The smashing (according to the artist) was not to start until the gallery was at capacity. And while it was crowded, it was not at capacity. We had drinks. We ate snacks. We listened to the chatter. We watched the hipsters mingle. We did not participate, as we are not fans of the hispters. We all have our reasons.
For me, it's the pretending to be poor. No one who actually is poor wants the world to know. It's only "cool" to wear tattered, dirty clothes when you have a Macbook in your backpack, an iPhone in your back pocket, and a fancy camera hanging underneath your scraggly beard. Poverty is not an accessory. You have every right to trim your hair with a razor but don't take a real problem like poverty and use it to make friends. If you live in a city as expensive as San Francisco, you don't need to look like you sleep under a bridge. We all know you don't. I mean how would you charge your smartphone?
So Jesse, Joel & I huddled close. We dared not speak, because we had little positive to say. Unfortunately, staying quiet meant we heard all of the conversations around us. It was painful. "But those glasses are such an integral part of your style." We were ready to witness some smashing and get out.

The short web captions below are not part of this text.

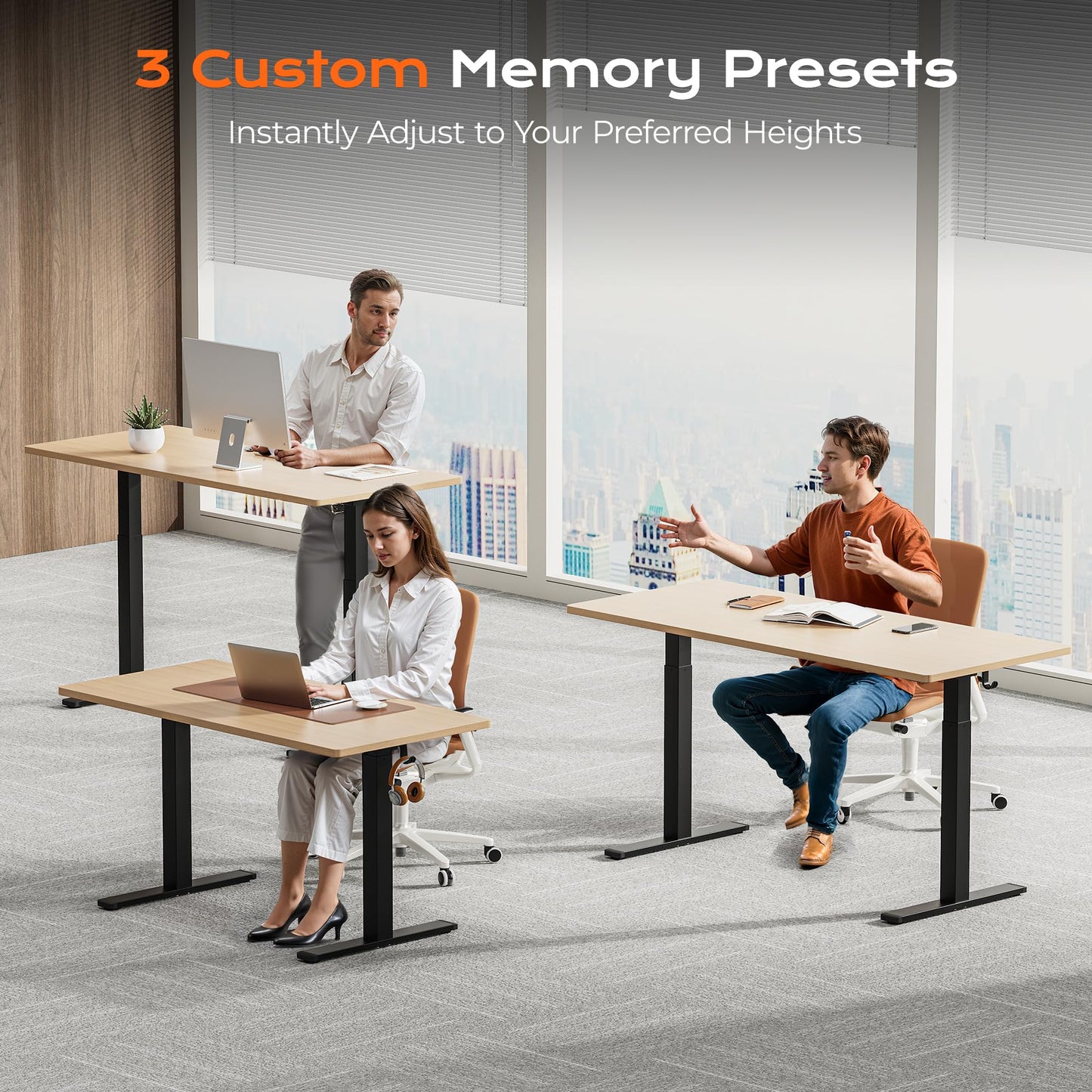 Huuger Dual Motor Electric Standing Desk Frame, Sit Stand up Desk Leg for 47.2” to 86.6” Desktop, Computer Desk Leg with Cable Tray, 3 Memory Height Presets, 2 Hooks, Black Frame Only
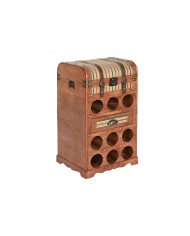 Contenitore per Utensili da Cucina Home ESPRIT Acacia Dolomite 20 x 9,5 x 18,5 cm (2 Unità)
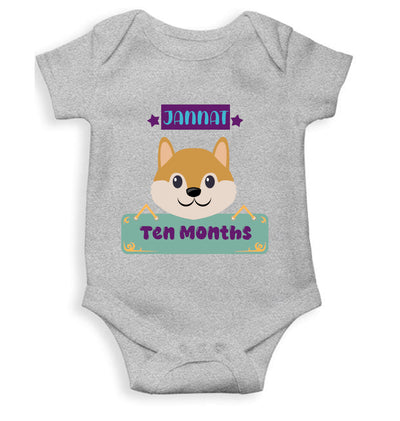 Custom Name Ten Months Rompers for Baby Girl- FunkyTeesClub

We had managed to get right up against the paper mache living room carpet. We had a really good view, but no drinks. Did we (Jesse) risk our spot to stand in line for a drink? Would drinks be enough consolation for our suffering, or justification for missing the moment? Worst case scenario, he was in line with his back to the show and missed the climax. We deemed it not a risk worth taking. That can be "mistake #2."

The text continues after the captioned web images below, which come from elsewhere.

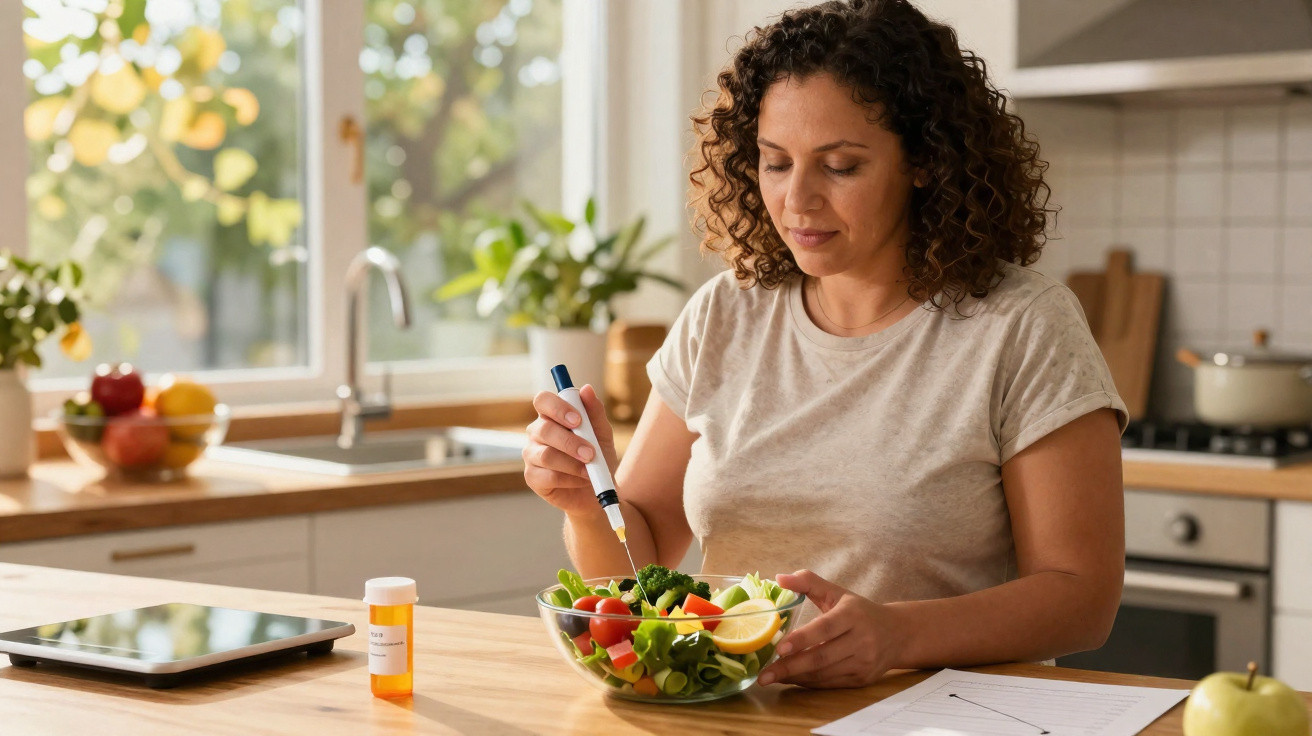 Mulher aplicando teste de glicose em salada na cozinha com remédio e tablet sobre a mesa.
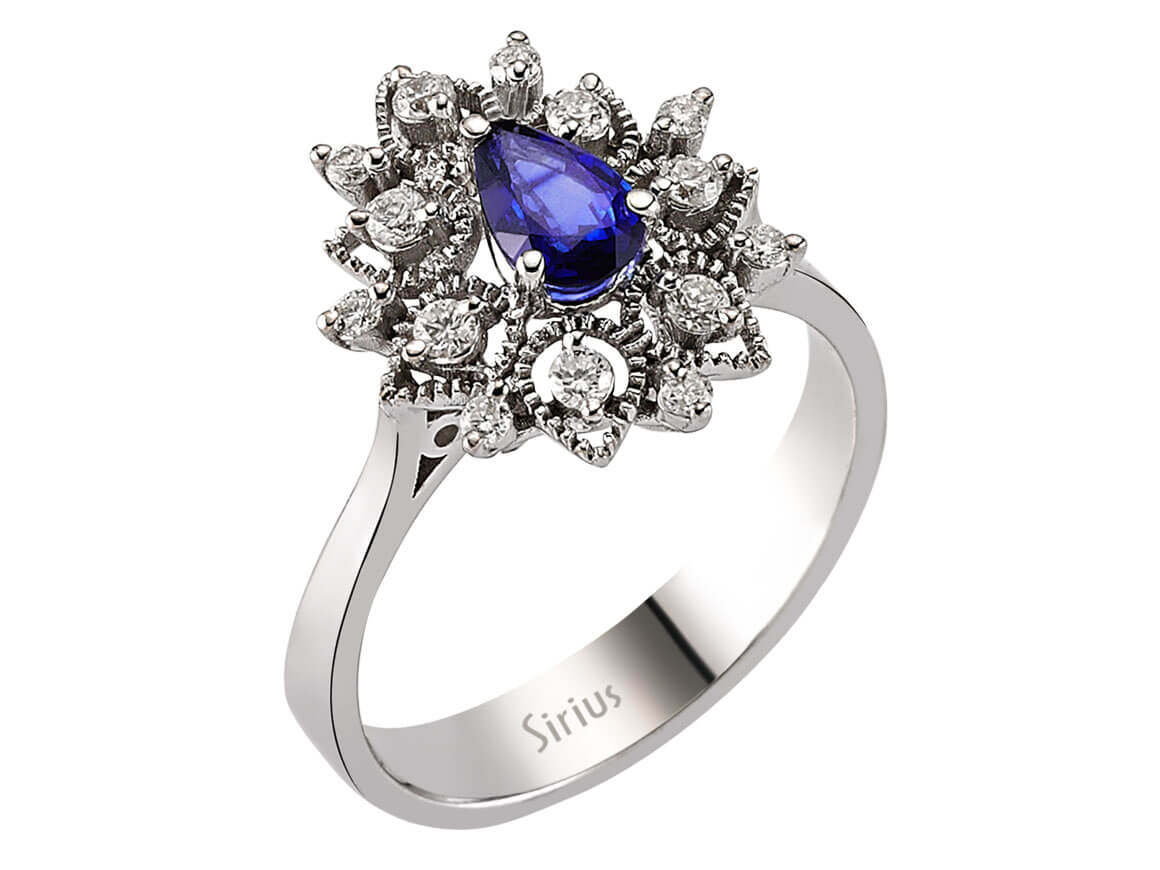 Diamant und Tropfen Saphir Ring - handgefertigter Diamantschmuck aus Feingold | Sirius Diamant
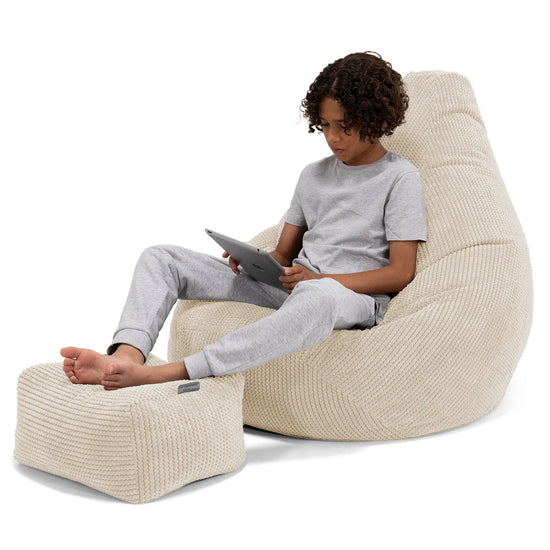 Pouf Gamer pour Enfant 6-14 ans - Pompon Crème 01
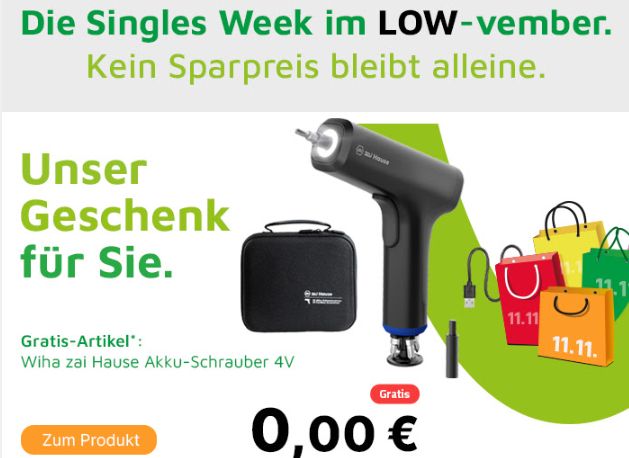 Bestellung – geschenkt Wiha-Akku-Schrauber Gratis: zur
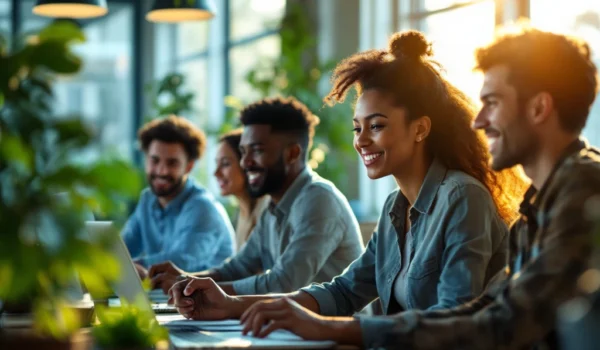 Een diverse groep jonge professionals werkt samen in een modern kantoor, met een focus op IT-recruitment en innovatie, in een warme sfeer.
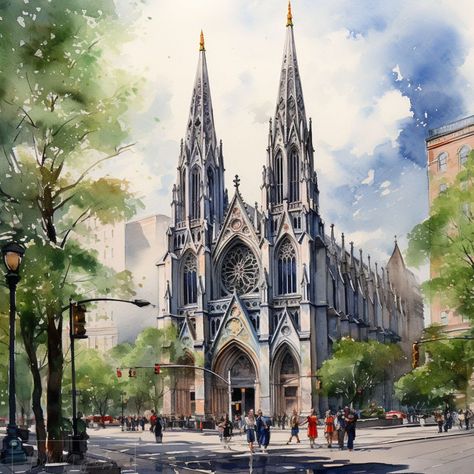 Cathedral Painting, Neo Gothic Architecture, St Patrick's Cathedral, Grace Symbol, Wallpaper Gift, Neo Gothic, Stone Exterior, Italian Village, Blooming Trees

We stood, grumbling quietly and being smashed from all sides. And then - finally - capacity. But it was too much. There were to many people. We were right up against the edge of the display. We were going to get hit. We had to move back. That's right. We waited until the gallery was full so we could push people back out the doors. And then it was time. The artist thanked us for coming, then started destroying her creation. First reaction: disappointment.
She smashed and smashed and I didn't see any candy. Not a peanut butter cup or a Tootsie Roll. She wielded her bat and all I saw were Styrofoam peanuts. I was frozen with despondency. She moved from piece to piece and just before the crowd mutterings became grumblings, candies appeared. They appeared first as little spots of color, then as heavy "plops" that sounded like hail. There was less than I had hoped, but more than I had feared. The artist gave the bat to some guy. And then things got weird.
There's a reason kids hit pinatas and grown men don't. It was awkward. It was uncomfortable. It was a gross and sad display of machismo. They were just beating things because they thought the beating was cool. It was like they were all peacocks and that the bat was the tool through which they could display their colors. Here you can see at least one responsible adult shielding a kid the thoughtless swinging:
They left and so did we. I don't think I have the stomach for art.